In the realm of calculus, determining which interval for the graphed function contains the local minimum is a fundamental concept that unlocks a deeper understanding of function behavior. This article delves into the intricacies of local minima, providing a comprehensive guide to identifying intervals that encompass these critical points.
By exploring the mathematical definition, graphical representation, and practical applications of local minima, we unravel the significance of this concept in various fields, including optimization and real-world problem-solving.
Definition of Local Minimum
A local minimum of a graphed function is a point where the function value is lower than the values at nearby points on the graph. Mathematically, a local minimum occurs at a point (x, f(x)) where f'(x) = 0 and f”(x) > 0. Examples of functions with local minima include quadratic functions, cubic functions, and exponential functions.
Identifying Local Minimums on a Graph
To identify local minima on a graph, find the critical points by setting the first derivative equal to zero. These critical points are potential local minima or maxima. Then, use the second derivative test to determine whether each critical point is a local minimum or maximum.
If f”(x) > 0 at a critical point, then that point is a local minimum.
Intervals Containing Local Minimums
An interval is a set of all numbers between two given numbers. To determine if an interval contains a local minimum, check if the function is decreasing on the interval to the left of the critical point and increasing on the interval to the right of the critical point.
Analyzing a Graphed Function for Intervals Containing Local Minimums: Which Interval For The Graphed Function Contains The Local Minimum
To analyze a graphed function for intervals containing local minima, follow these steps:
- Find the critical points by setting the first derivative equal to zero.
- Use the second derivative test to determine whether each critical point is a local minimum or maximum.
- For each local minimum, determine the interval on which the function is decreasing to the left and increasing to the right.
For example, consider the function f(x) = x^3 – 3x^2 + 2. The critical points are x = 0 and x = 2. The second derivative test shows that x = 0 is a local minimum. The function is decreasing on the interval (-∞, 0) and increasing on the interval (0, ∞), so the interval (-∞, 0) contains the local minimum.

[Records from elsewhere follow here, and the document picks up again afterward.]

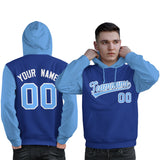 Custom Pullover Hoodie For Man Raglan Sleeves Stitched Text Logo Personalized Hip Hop Sportswear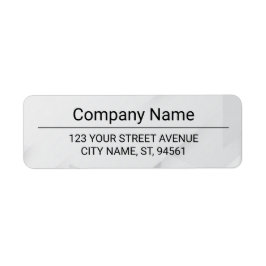 Business Logo Custom Return Address Label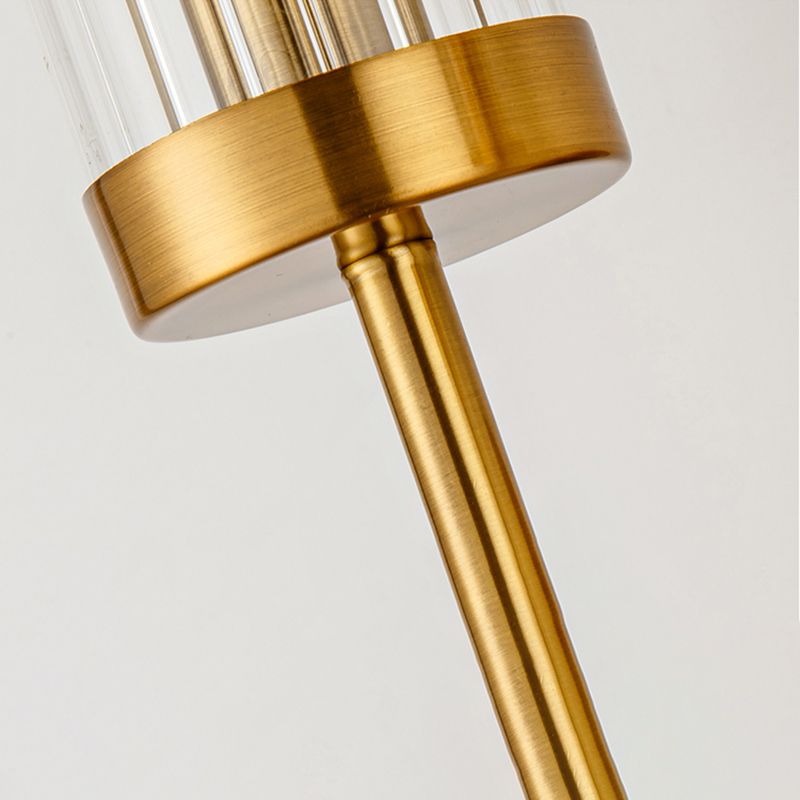 Pure Glass Wall Sconce in Modern Creative Style Wrought Iron Wall Lamp for Living Room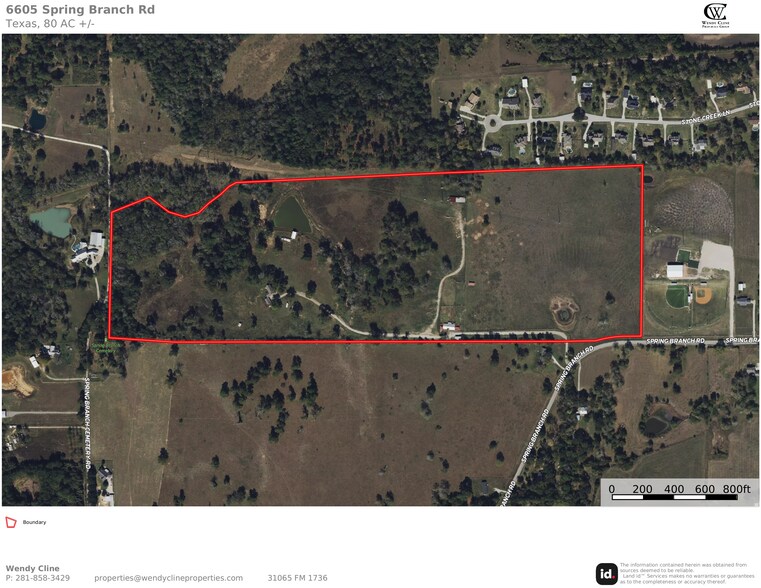 More Photos Of 6605 Spring Branch Rd, Montgomery Land For Sale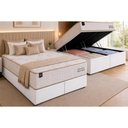 Ver imagem 1 de Cama Box Baú Crc Queen +Colchão Molas Boutique Ortobom 158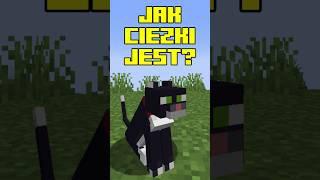 JAK CIĘŻKI JEST KOT W MINECRAFT?  #minecraft #minecraftpolska #minecraftshorts #shorts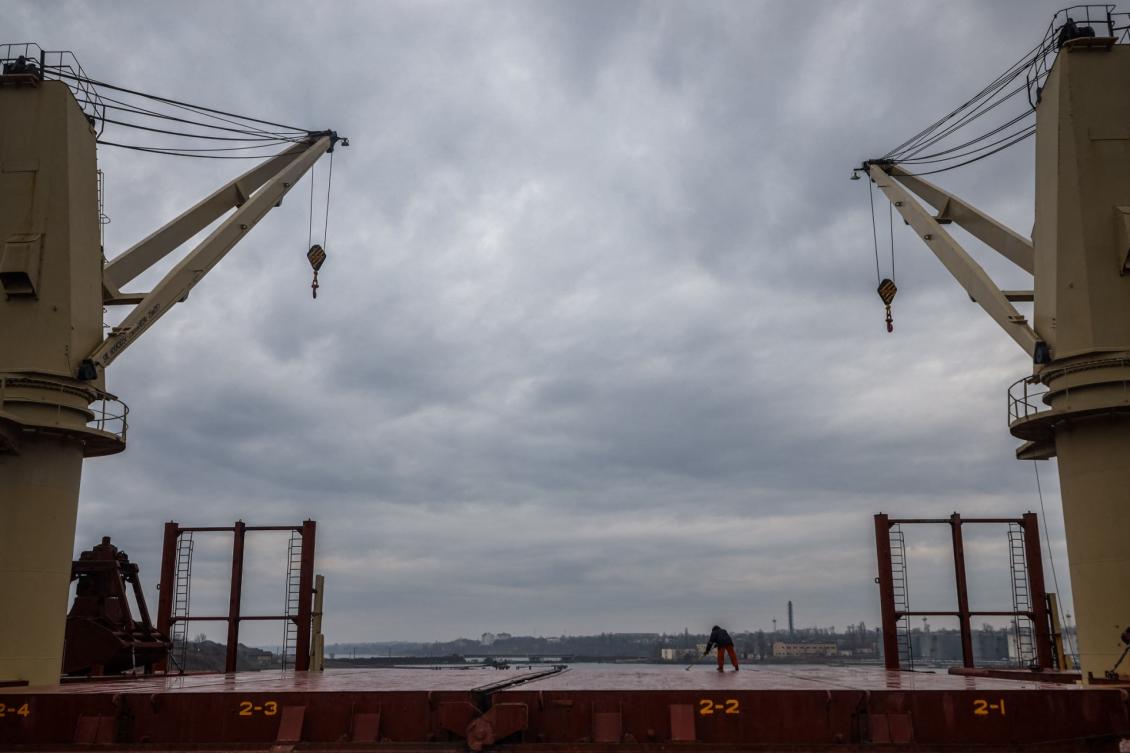 Russia says it struck four Ukrainian military-linked cargo ships and Chernomorsk port
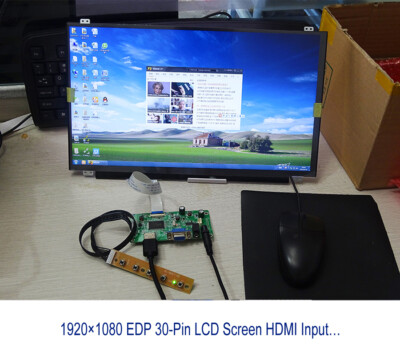 HDMI VGA LCD EDP Controller Board Kit 30pin For LED B156XTN07 - Foto 2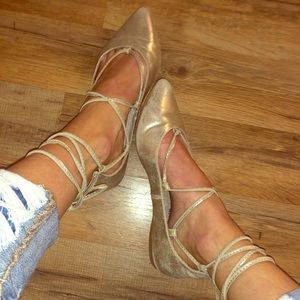 Steve Madden gold flats size 5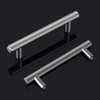 image:imageProbrico 20 Pack  Brushed Nickel Kitchen Cabinet Pulls 3 Hole Centers Solid Stainless Steel Modern Euro T Bar Handles Bedroom Dresser Drawer Cabinet Cupboard Pull Knobs 5 Overall LengthBrushed Nickel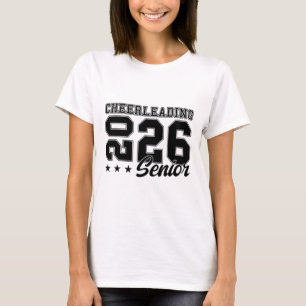 Cheerleading Senior Night Cheer Senior 2026 Gradua T-Shirt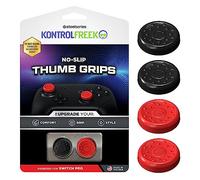 KontrolFreek Lot de 4 poignées antidérapantes pour manette Nintendo Switch Pro - Rouge et noir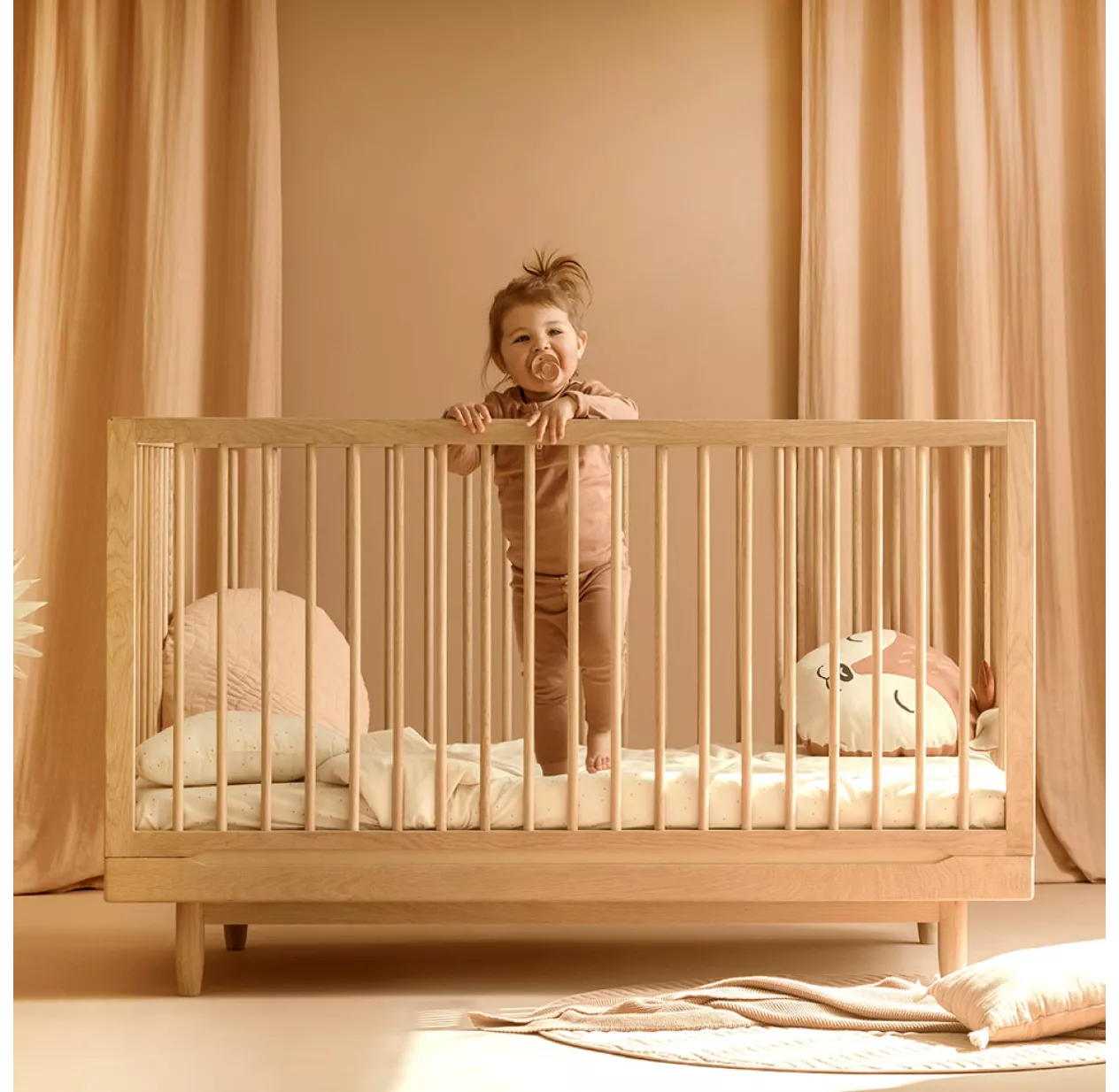 Lit Bébé évolutif Pure - Naturel 4 Lit Bébé évolutif Pure - Naturel – Image 2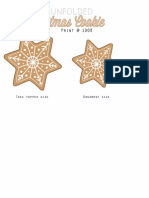 Felt Cookie Star Pattern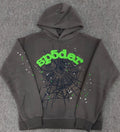 Sp5der Hoodie Grey & Green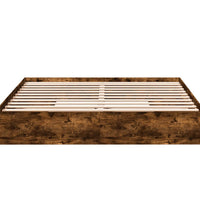 Bettgestell mit Schubladen Räuchereiche 200x200cm Holzwerkstoff
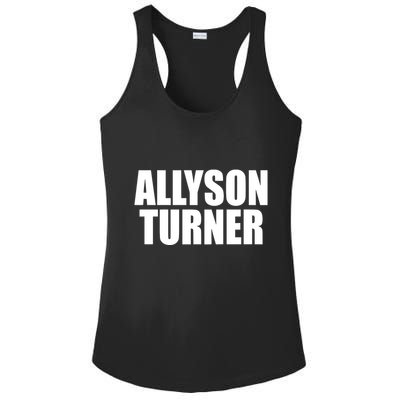 Juju Gotti Wearing Allyson Turner Ladies PosiCharge Competitor Racerback Tank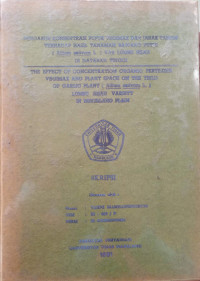 SKRIPSI PENGARUH KONSENTRASI PUPUK VEGIMAX DAN JARAK TANAM TERHADAP HASIL TANAMAN BAWANG PUTIH (Allium sativum L.) VAR LUMBU HIJAU DI DATARAN TINGGI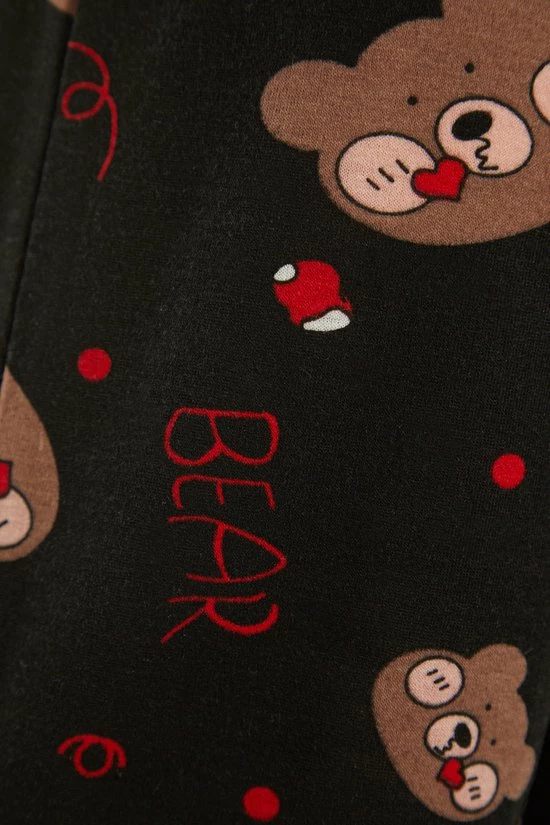 Trendyol Vrouwen Lange Mouw Ronde Hals Pyjamaset 2 Trendyol Vrouwen Lange Mouw Ronde Hals Pyjamaset - Afbeelding 2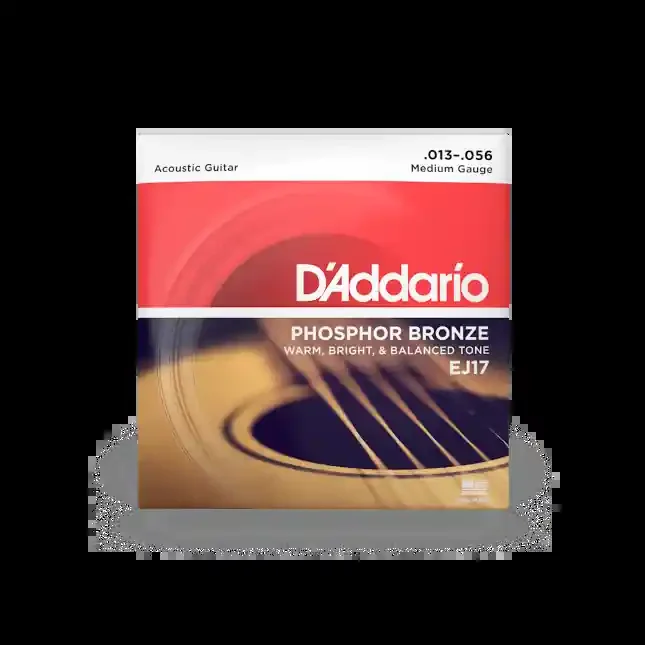 D‘Addario 13-56 – Medium Phosphor Bronze Acoustic Guitar Strings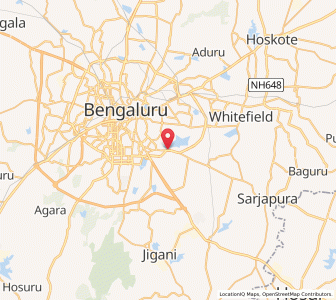 Map of Agara Sarjapura Road ORR, Karnataka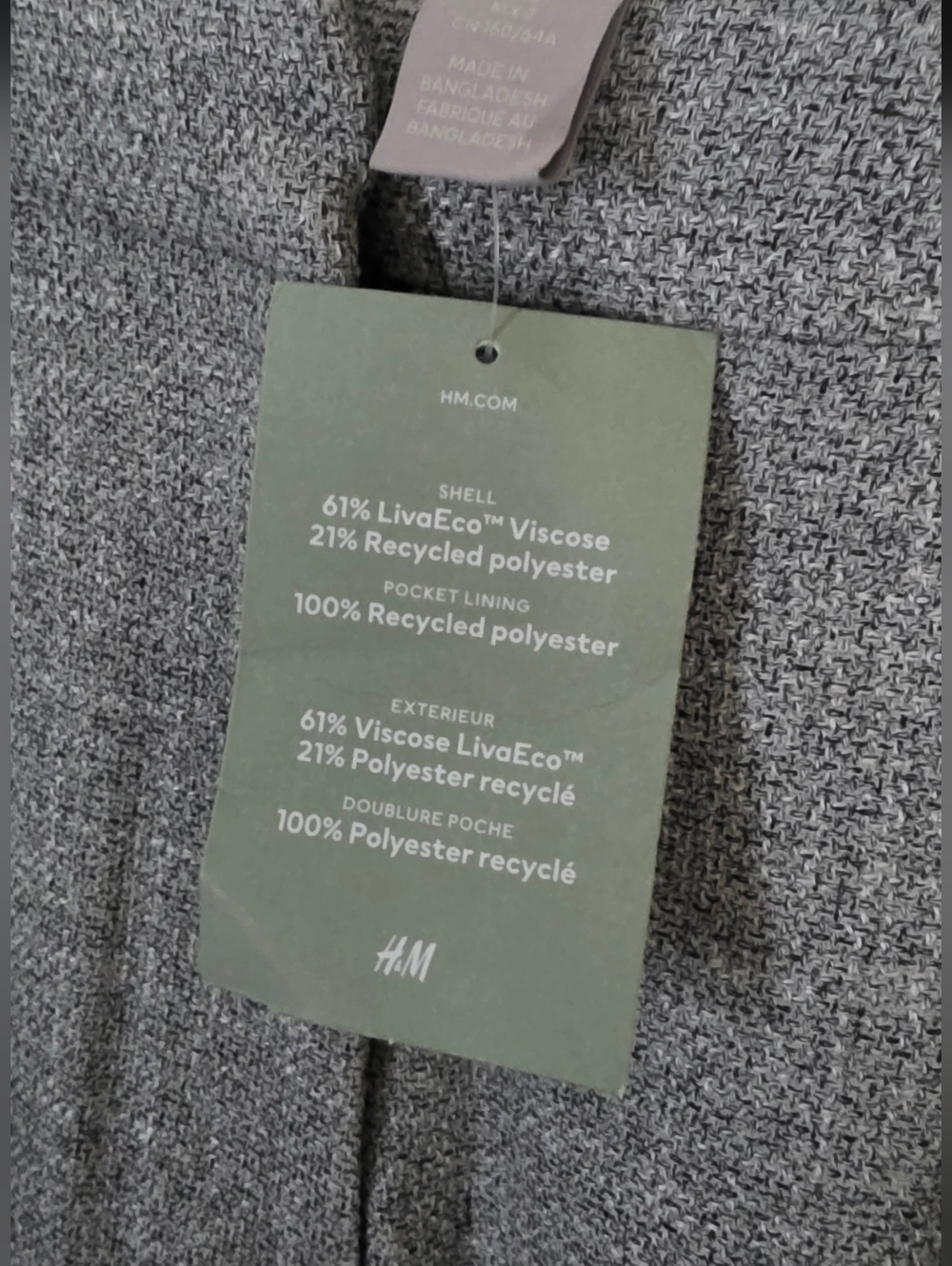 High-Waisted NWT Wide-Leg Gray Trousers In Gray melange Size 2 - Picture 7 of 11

Applications of Finding Intervals Containing Local Minimums
Finding intervals containing local minima has practical applications in optimization problems. For example, in manufacturing, finding the local minimum of a cost function can help determine the optimal production quantity that minimizes costs. In finance, finding the local minimum of a risk function can help investors choose the optimal portfolio that minimizes risk.
Expert Answers
What is the mathematical definition of a local minimum?
A local minimum of a function f(x) at a point c is a point where f(c) is less than or equal to f(x) for all x in some open interval containing c.
How do you identify local minima on a graph?
Local minima can be identified on a graph by locating points where the function changes from decreasing to increasing. This can be done by using the first derivative test, which involves finding the critical points of the function and determining the sign of the first derivative at those points.
What is the significance of finding intervals containing local minima?
Finding intervals containing local minima is important because it allows us to identify the regions of the function where the function is at its lowest value. This information can be used for optimization problems, such as finding the minimum value of a function on a given interval.